Government and Institutions

Neoliberalism in Chile – the unpopular success story

After a long delay of more than four decades, the Chilean people are finally rising up against neoliberalism. They demand an end to the economic legacy of the Chicago Boys, the US-trained liberal economists who occupied key economic policy positions during Pinochet’s dictatorship. The socialist project of Salvador Allende, the Marxist president who headed Chile’s Popular Unity government, was brutally cut short in 1973. But now, at long last, the Chilean people are ready to resume that project.

That, at least, is the Western Left’s reading of the large-scale protests currently shaking the country.

In an article entitled “Chile Awakens”, the trendy Jacobin magazine argues:

“Chile’s mass mobilizations challenge the neoliberal model and have raised expectations for millions of Chileans.

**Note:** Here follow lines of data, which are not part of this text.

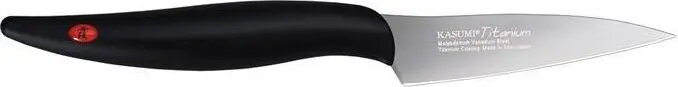 Kitchen Knives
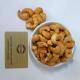 Sell Roasted Cashew Nuts Packing Premium, Good Price, High quality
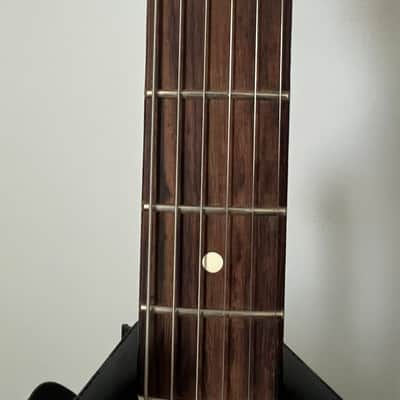 Fender Player II Stratocaster 2024 - Present - British Racing Green image 5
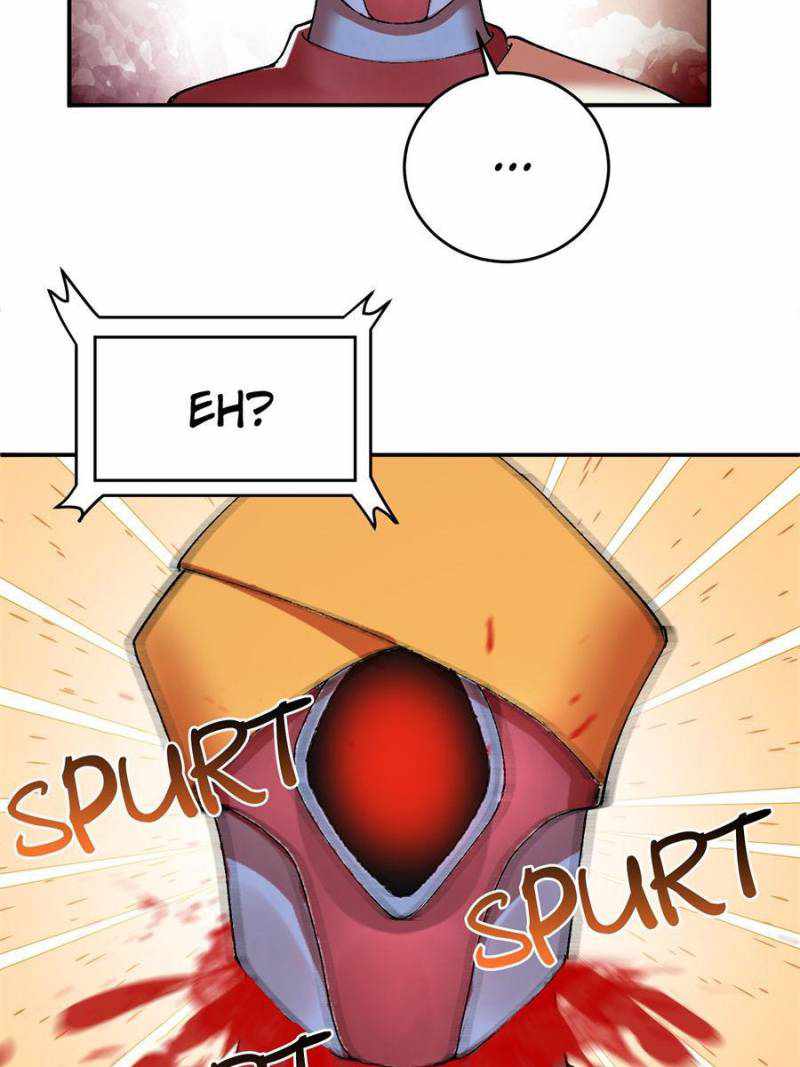 Page 14 of Chapter 183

With the country’s explosion of protests in recent weeks at its back, the fledgling left coalition could fight back against the decades of neoliberalism that have immiserated so many Chileans. […]

The Chilean people are demanding an end to the private pension system, a reduction of the workweek to forty hours, deprivatizing water, a new Labor Code, […] direct financing to public health care institutions, strengthening public education at all levels, making public transportation free”

Open Democracy adds:

“The supposed ‘economic miracle’ of Chile, which received its name from American economist Milton Friedman, was a set of liberalising economic measures put in place during the dictatorship of Pinochet, that imposed a free market in the country […] This economic system […] has benefitted the economic elites whilst creating inequality and suffering for the majority. […]

Tired of the economic policies of the government, students and citizens took to the streets of Chile to protest against the rise in price of the metro ticket, but in reality this was just the tip of the iceberg. They are in fact protesting against many other social issues.”

And the Canadian Centre for Research on Globalization claims:

“Neoliberalism is all about serving privileged interests at the expense of ordinary people, exploiting them so the wealthy and powerful can benefit.

It’s about dominance over democracy, profits over populism, and private interests over the public welfare – a zero-sum game benefitting monied interests over all others, societies made unsafe and unfit to live in for ordinary people. […]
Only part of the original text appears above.